Data extracted from a collection
○ ○ ○ ○

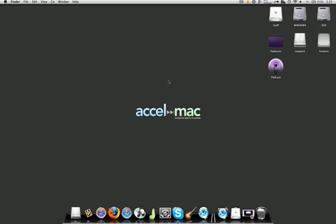Welcome to an ExcelMac.com screencast. This is a quick tip. I'm going to show you how to change the icon on a folder or an application.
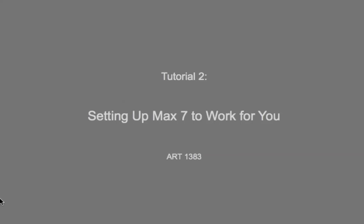Hi everybody. Welcome to tutorial number two, setting up Max 7 to work for you.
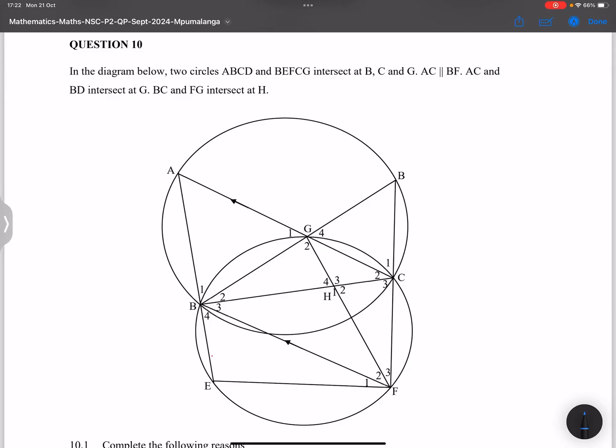We look at question 10. They say we've got in the diagram below two circles — A, B, C, D. I just noticed when reading through this question that we've got two B's, and I think they wanted to make one of them a D, so please note that.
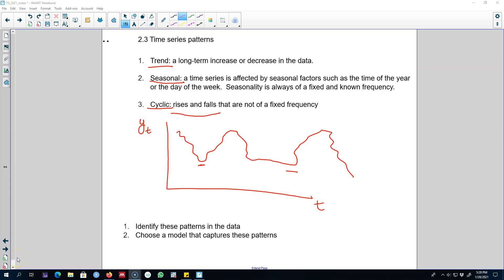Hello and welcome to another video on time series forecasting. I started this chapter by describing three types of patterns that you can observe in a time series. I talked about trend, seasonal, and cyclical patterns, and also talked about different combinations of these patterns.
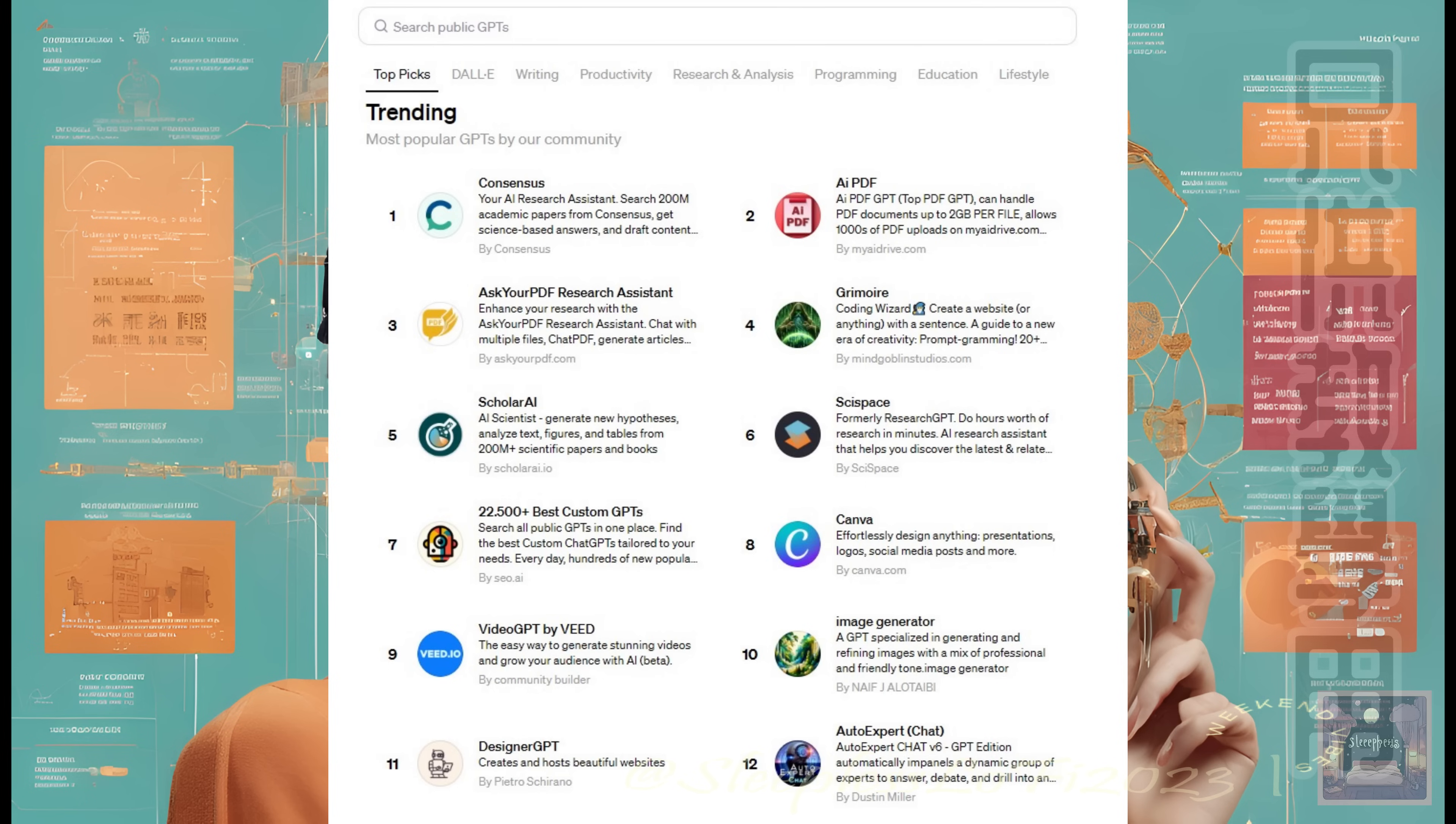Each week, the GPT Store features new and exciting GPTs that are changing the way we interact with AI. From trail recommendations for the outdoor enthusiast to academic paper search tools for the diligent researcher, the GPT Store is your gateway to AI-powered possibilities.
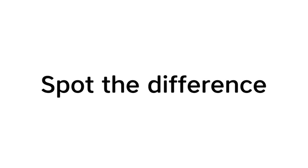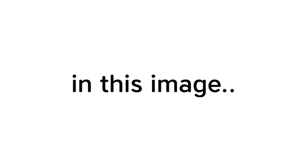Now, challenge 2. Spot the difference in this image. Subscribe if you passed this challenge also.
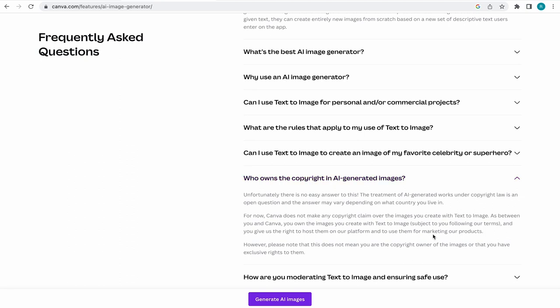Keep in mind that this could change without notice, so just make sure you keep up to date with Canva's terms.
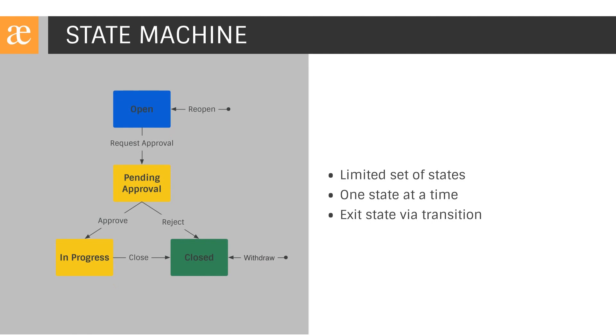Jira leverages the state machine model for describing its workflows. This model is commonly used by computer scientists, mathematicians, engineers, and others to model processes from low-level software protocols to human-machine interactions. State machines describe process with limited set of states. A workflow item can only be in one state at any given time. From a state, an item can progress to another state via a transition. We'll elaborate these concepts shortly.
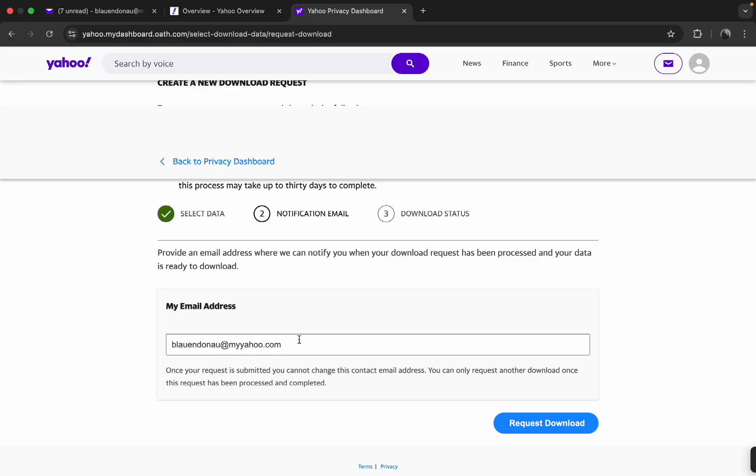If you scroll down, it will ask you for your email address so they can notify you when your download request is ready. Then just click on Request Download.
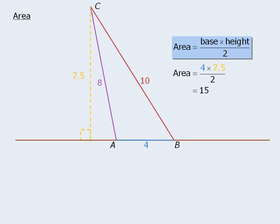Please note that we have now calculated the area using two different bases, and both times we got an area of 15. Of course, this should not be a surprise, since we were finding the area of the same triangle in both instances.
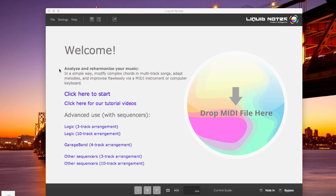This is Roland from Recompose. Today, we're going to talk about the differences between the standalone version and the MIDI effect for Ableton Live 9 of Liquid Notes.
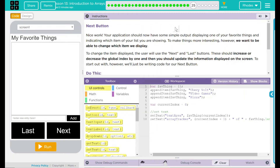Hey kids, welcome to Lesson 13, Introduction to Arrays, number 20, the next button. Nice work. Your application should now have a simple output displaying one of your favorite things and indicating which item of your list you are showing.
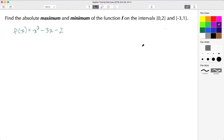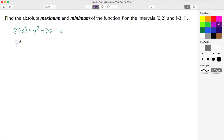Welcome back. In today's tutorial we're going to find the absolute maximum and minimum of a function over two distinct intervals. The first interval is from 0 to 2, a closed interval, and the second is from negative 3 to 1. The function in question is f(x) = x³ - 3x - 2. We begin by finding the first derivative so that we can locate the critical values.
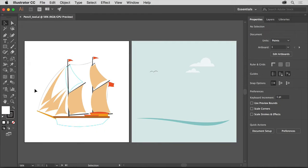Adobe Illustrator has a variety of tools for drawing paths, including the Pencil tool for creating fluid, beautiful curves and straight paths. To complete the artwork for this project, you'll start by drawing with the Pencil tool, then you'll set some Pencil tool settings, and finally you'll finish the artwork for the ship.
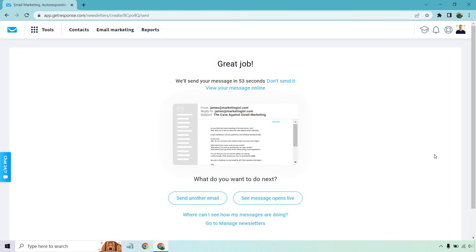It says 'Great job! We'll send your message.' Then it asks what you want to do next — send another email, see message opens live, and so on. That concludes the GetResponse newsletter tutorial. That's how you can send emails with GetResponse for broadcasts to a specific list or segmentation. I'll do separate videos on creating a segmentation. Thank you for watching — if you have any questions, feel free to leave a comment below. If you haven't tried GetResponse yet, I'll put a link in the description where you can get a free account. Thanks again and I'll see you in my next video.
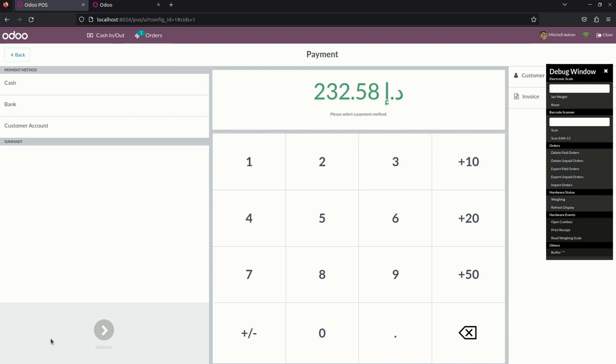In this way, we can manage the point of sale using multiple currencies. Thank you for watching.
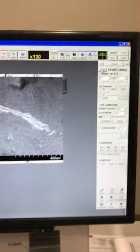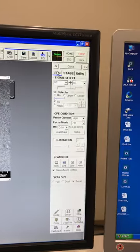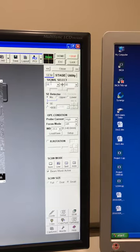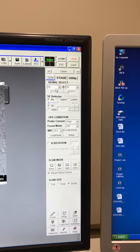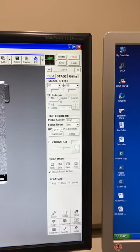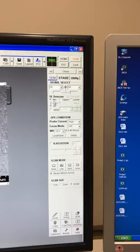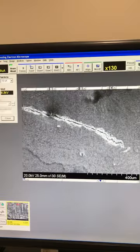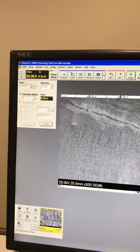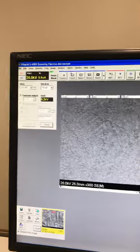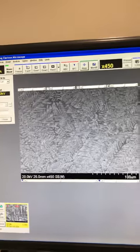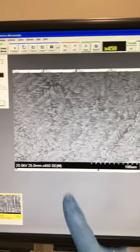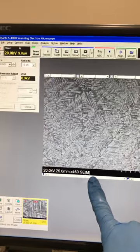So as you can see on the SCM tab, you have two secondary electrons selected. You have upper, lower and mixed. Right now, this image, I can increase my magnification. So this image is for secondary and it's mixed.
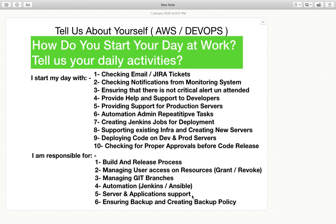Ensuring backup and creating a backup policy is also part of your role. For servers running in production, backup must be in place. You need to ensure backup is being taken properly and you meet any compliance standards — determining how long you want backups, what size your backup is, and what the retention period of the backup is. These are things you need to ensure when talking about your daily roles and responsibilities.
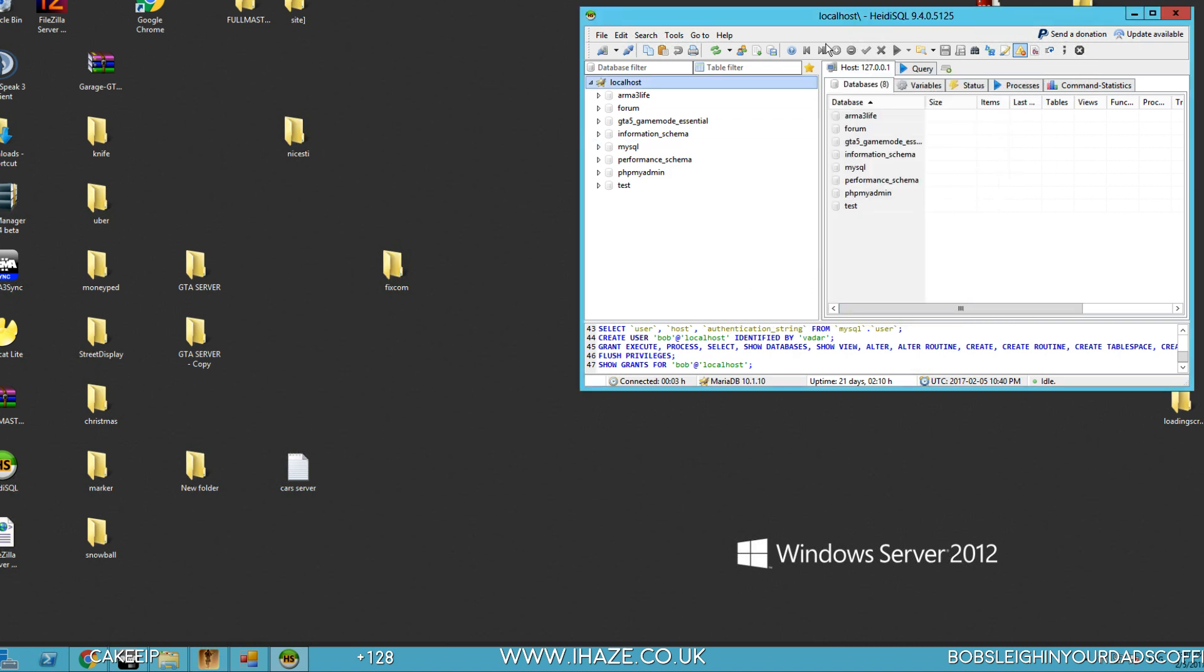So we've got our user and we've got our forum. Okay, so where this is going to go, when people go to www.ihaze.co.uk forward slash forum, this is where the directory we're going to set it up to.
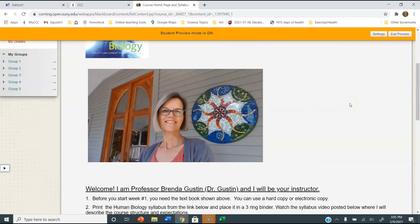Hi everybody, Dr. Gustin here. In this video I'm going to show you how to create a Kahoot and post it on our discussion page so other students can try it out.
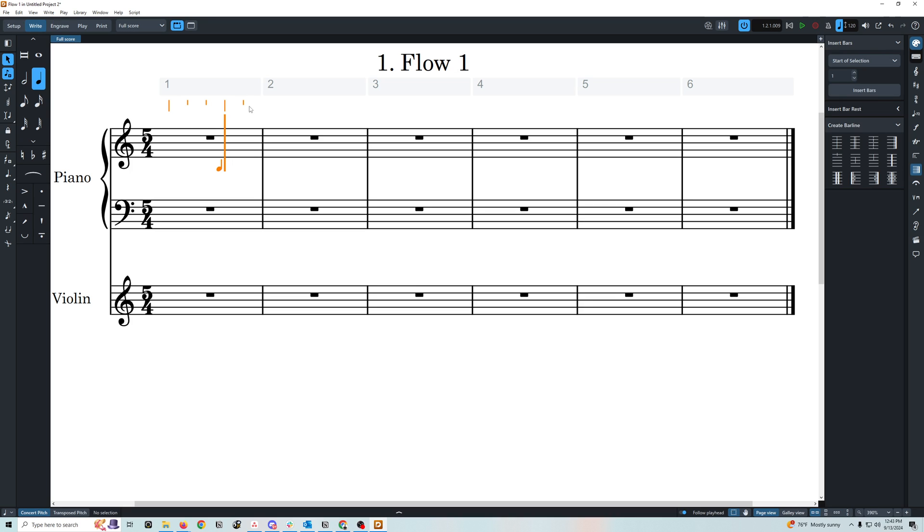Up here we have the resolution grid, the rhythmic resolution grid. This is controlled in the bottom left corner right here where we have all of these different note selections.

○ ○ ○ ○

Copy the entries above exactly from the line with "So as you can" down to their last line, both ends included. Do not copy any pictures.

So as you can see on the SCM tab, you have two secondary electrons selected. You have upper, lower and mixed. Right now, this image, I can increase my magnification. So this image is for secondary and it's mixed.
Ensuring backup and creating a backup policy is also part of your role. For servers running in production, backup must be in place. You need to ensure backup is being taken properly and you meet any compliance standards — determining how long you want backups, what size your backup is, and what the retention period of the backup is. These are things you need to ensure when talking about your daily roles and responsibilities.
So we've got our user and we've got our forum. Okay, so where this is going to go, when people go to www.ihaze.co.uk forward slash forum, this is where the directory we're going to set it up to.
Hi everybody, Dr. Gustin here. In this video I'm going to show you how to create a Kahoot and post it on our discussion page so other students can try it out.
Up here we have the resolution grid, the rhythmic resolution grid. This is controlled in the bottom left corner right here where we have all of these different note selections.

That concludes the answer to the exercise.